(Description of the task) Your answer must be the records below, given again exactly, with no pictures in it.

(Records for this exercise)

★ ★ ★

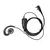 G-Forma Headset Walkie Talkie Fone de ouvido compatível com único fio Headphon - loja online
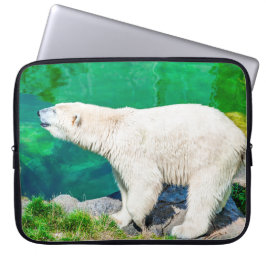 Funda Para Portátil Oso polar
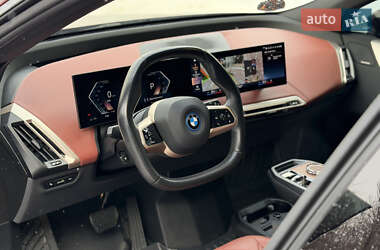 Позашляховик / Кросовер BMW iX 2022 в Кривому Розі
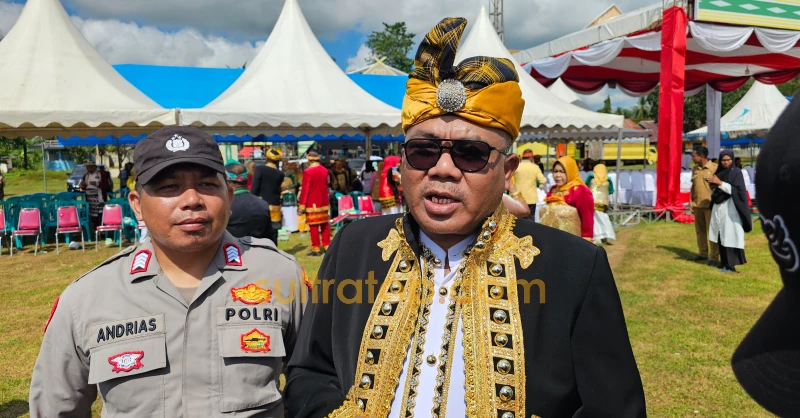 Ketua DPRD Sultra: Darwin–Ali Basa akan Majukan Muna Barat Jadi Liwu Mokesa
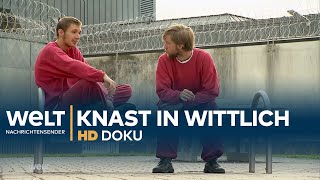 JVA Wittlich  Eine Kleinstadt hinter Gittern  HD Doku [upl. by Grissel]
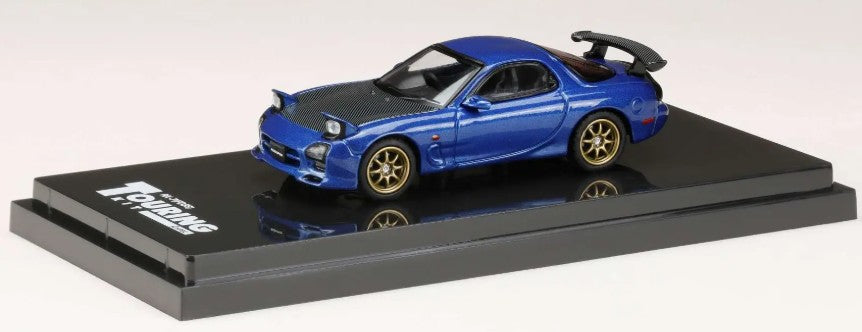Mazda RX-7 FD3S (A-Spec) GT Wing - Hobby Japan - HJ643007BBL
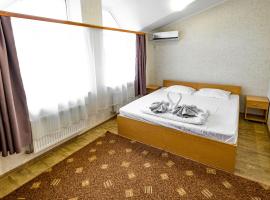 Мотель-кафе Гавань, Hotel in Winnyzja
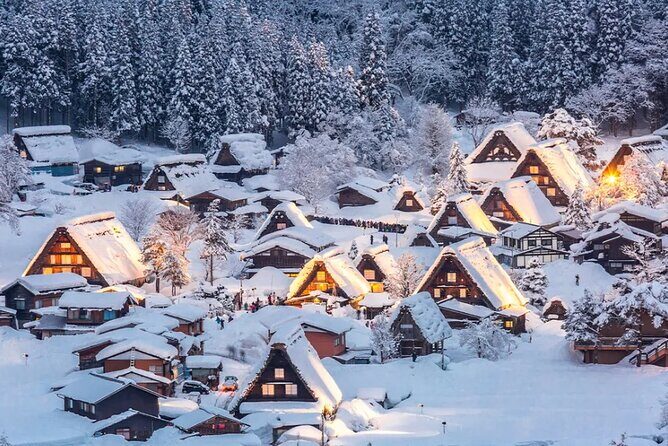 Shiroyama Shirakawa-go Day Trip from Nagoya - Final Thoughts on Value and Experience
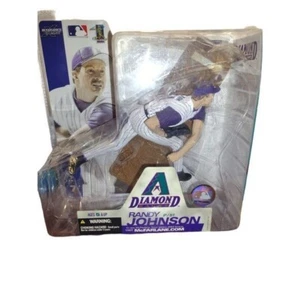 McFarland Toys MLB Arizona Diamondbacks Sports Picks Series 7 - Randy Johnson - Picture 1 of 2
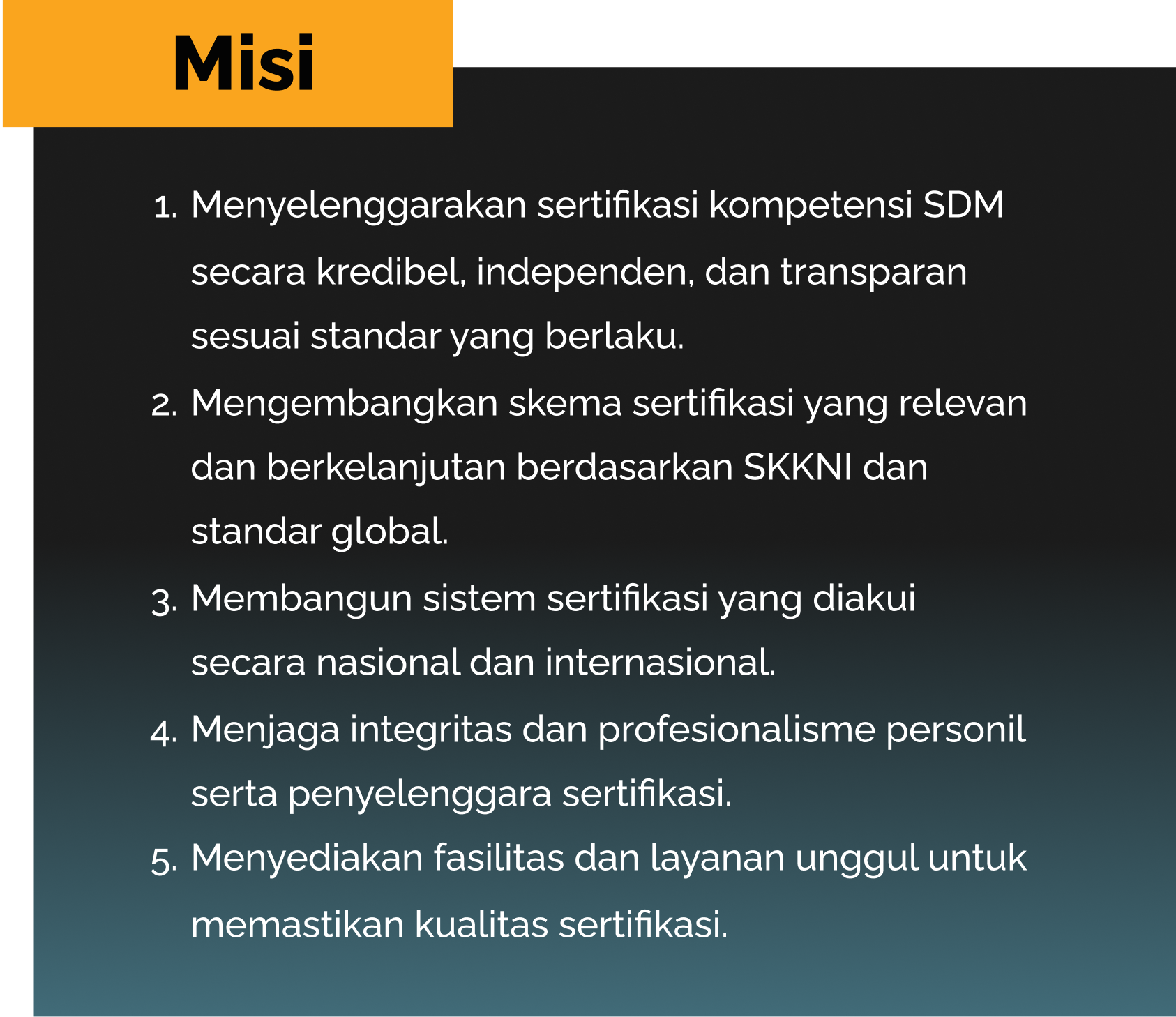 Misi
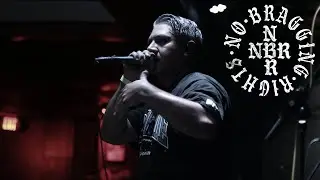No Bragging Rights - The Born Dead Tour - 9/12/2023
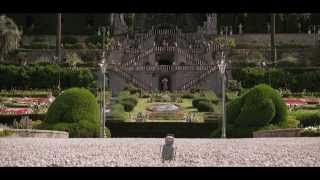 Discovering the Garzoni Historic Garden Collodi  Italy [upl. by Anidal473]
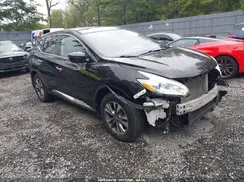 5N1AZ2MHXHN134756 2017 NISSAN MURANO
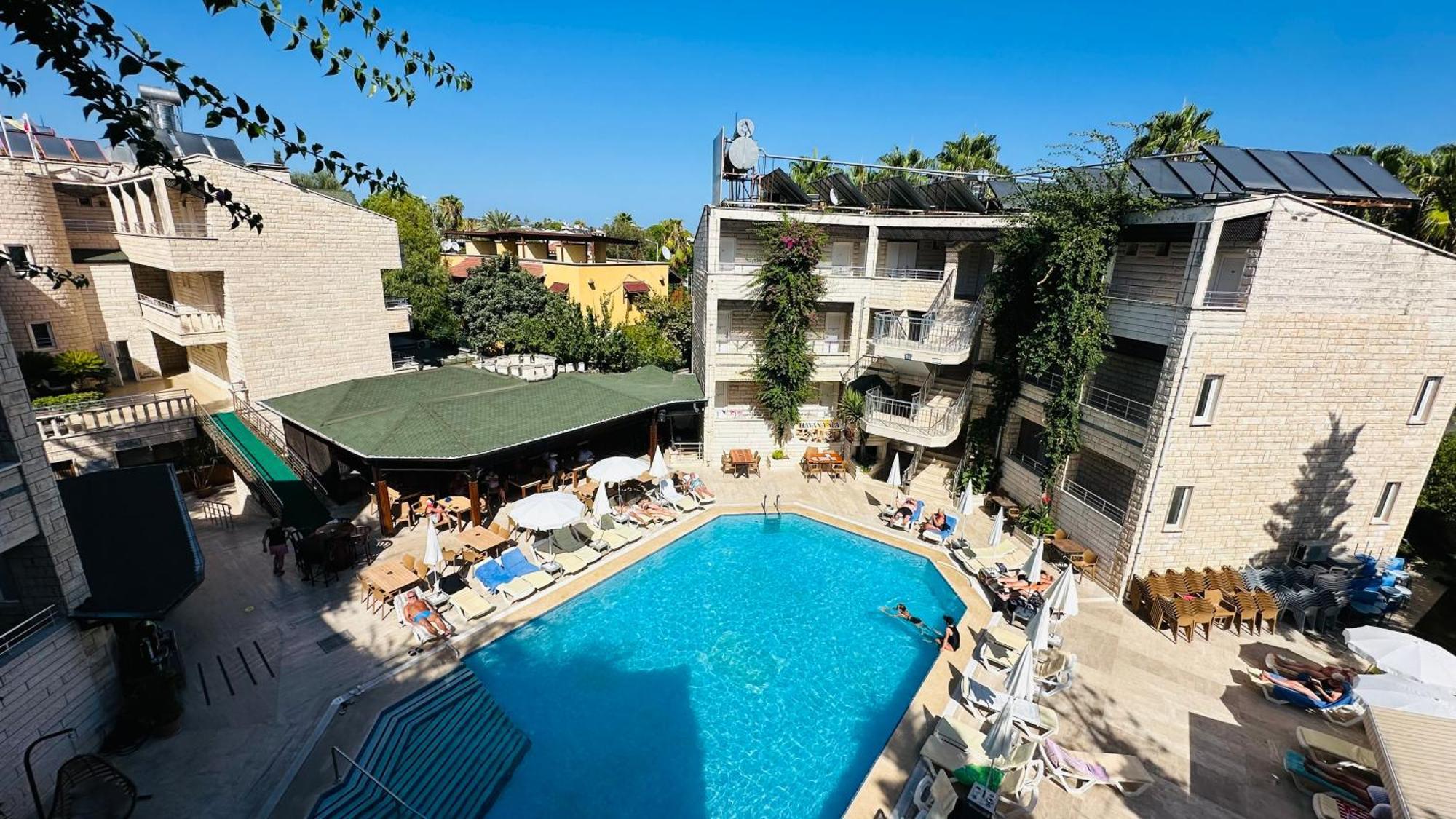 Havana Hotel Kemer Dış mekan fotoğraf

★ ★ ★

(Reply)
 G-Forma Headset Walkie Talkie Fone de ouvido compatível com único fio Headphon - loja online
 Funda Para Portátil Oso polar
 Позашляховик / Кросовер BMW iX 2022 в Кривому Розі
 Ketua DPRD Sultra: Darwin–Ali Basa akan Majukan Muna Barat Jadi Liwu Mokesa
 JVA Wittlich  Eine Kleinstadt hinter Gittern  HD Doku [upl. by Grissel]
Mazda RX-7 FD3S (A-Spec) GT Wing - Hobby Japan - HJ643007BBL
 Мотель-кафе Гавань, Hotel in Winnyzja
 Shiroyama Shirakawa-go Day Trip from Nagoya - Final Thoughts on Value and Experience
 McFarland Toys MLB Arizona Diamondbacks Sports Picks Series 7 - Randy Johnson - Picture 1 of 2
 Misi
No Bragging Rights - The Born Dead Tour - 9/12/2023
 Discovering the Garzoni Historic Garden Collodi  Italy [upl. by Anidal473]
 5N1AZ2MHXHN134756 2017 NISSAN MURANO
 Havana Hotel Kemer Dış mekan fotoğraf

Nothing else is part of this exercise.